My laptop's webcam and Audacity. It's mostly to hear if I'm making any mistakes, but this summer expect my pretentious post-folk solo album to _underwhelm your world_ baby.

It does the job :/


----------



## Kosdu (May 26, 2013)

Raptros said:


> You should turn up the bit/sample rate of it up to max in the control panel. That should fix the quality.
> 
> Damn you have a blue yeti, I only have a blue snowball (though it is the more expensive aluminium version with omni-capsule).



Hmm, which control panel?


----------



## Kalmor (May 26, 2013)

Kosdu said:


> Hmm, which control panel?


The normal windows one. Start -> Control panel -> Hardware and sound -> Sound -> Recording -> Right click on your mic ->Properties -> Advanced. You should see it there. You may also want to do similar in the options of whatever program you're using to record.


----------



## Kosdu (May 26, 2013)

Raptros said:


> The normal windows one. Start -> Control panel -> Hardware and sound -> Sound -> Recording -> Right click on your mic ->Properties -> Advanced. You should see it there. You may also want to do similar in the options of whatever program you're using to record.



Thanks man.

Isn't it ironic I have this amazing mic but little of quality to record?


----------



## Ji-Ji (Jun 5, 2013)

Kosdu said:


> Thanks man.
> 
> Isn't it ironic I have this amazing mic but little of quality to record?



I own a cheap condenser and two shure dynamic mics, I feel more so in some ways it's what you do with the sound that helps.
I mean you can't polish a turd - if you record shit on a good mic it's still shit' just captured with more clarity, but look into tweaking what you record, tailor noise gates, noise bands, eq etc.
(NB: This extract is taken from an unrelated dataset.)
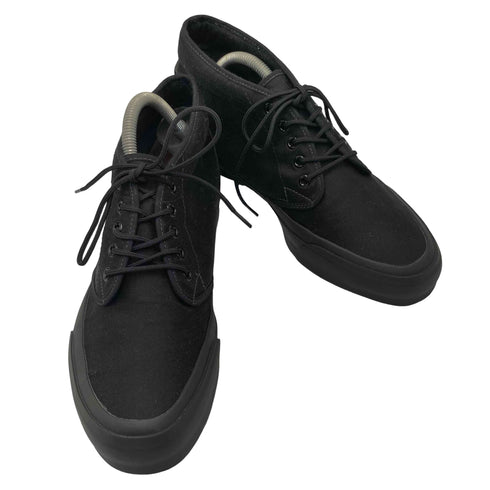 SOLS VP549608 - NOIR キャンバス デッキ シューズ メンズ JPN:26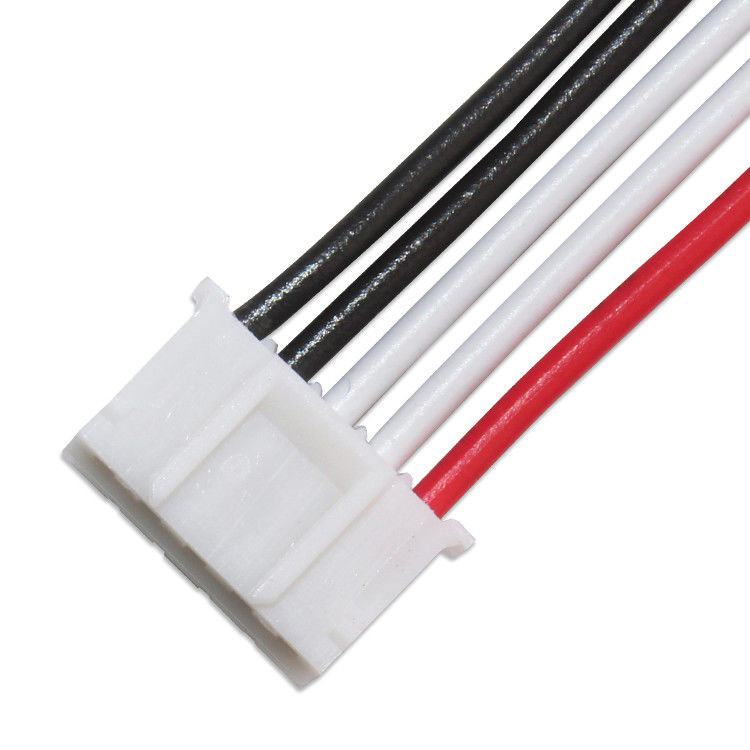 Armoire de câblage personnalisée pour l'industrie 1,5 mm de hauteur 12 broches Jst câble USB 5P PH2.0 à 5P PH2.0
Condensers pick everything up well. In one of my old demos, you could hear rain drops from another room window, made a nice effect though.

Anyhoos, record anything and everything, practise playing with sound, make an instrument sampler, a song, anything!
I sit making shed loads of demos here, nothing becomes of em they're just fun and/or practise.


Also sound properties can be found by right-clicking sound icon in system tray


----------



## Python Blue (Jun 6, 2013)

I was misled by the title; so we CAN talk about what mics we have. XDD

I use my singing voice VERY sparingly because I don't have the confidence in singing I have for the instrumentation. Still, when the time DOES come to sing, my last cover song (Queen's "Who Wants to Live Forever") involved use of a Samson C03U. I remember being SO impressed with it, especially over my iPhone and iPad mics. XDD


----------



## Ji-Ji (Jun 6, 2013)

Python Blue said:


> I was misled by the title; so we CAN talk about what mics we have. XDD
> 
> I use my singing voice VERY sparingly because I don't have the confidence in singing I have for the instrumentation. Still, when the time DOES come to sing, my last cover song (Queen's "Who Wants to Live Forever") involved use of a Samson C03U. I remember being SO impressed with it, especially over my iPhone and iPad mics. XDD



If you can sing queen you deserve some self confidence


----------



## Python Blue (Jun 6, 2013)

Ji-Ji said:


> If you can sing queen you deserve some self confidence



Maybe so if I chose a different Queen song, but it's not until the very end that it entails, for instance, lots of voices singing at once. The other reason I chose that song is because the notes seem to be slow for songs that I like, unfortunately. 

Here's the cover in question. For the sake of the topic, I'd prefer comments be on the submission itself unless it's about the quality of the microphone.

https://www.furaffinity.net/view/10510041/


----------



## Ji-Ji (Jun 6, 2013)

On a terribly shite phone at the mo mate, I'll check it when my internet is back, I'm subscribed to you.

My vocal mic is cheap, but with the right processes and plugins it's great for what I require of it.
I use a behringer C1 xlr for rock and acoustic demos mainly.


----------



## Zenia (Jun 7, 2013)

I ended up buying a Snowball on Monday. It is really nice.


----------



## Portia's #1 Fan (Jun 25, 2013)

I have a Shure Beta 58A Dynamic mic that I use for singing and death metal style vocals. I was using really bad Radio Shack mics beforehand so this is a massive improvement.


----------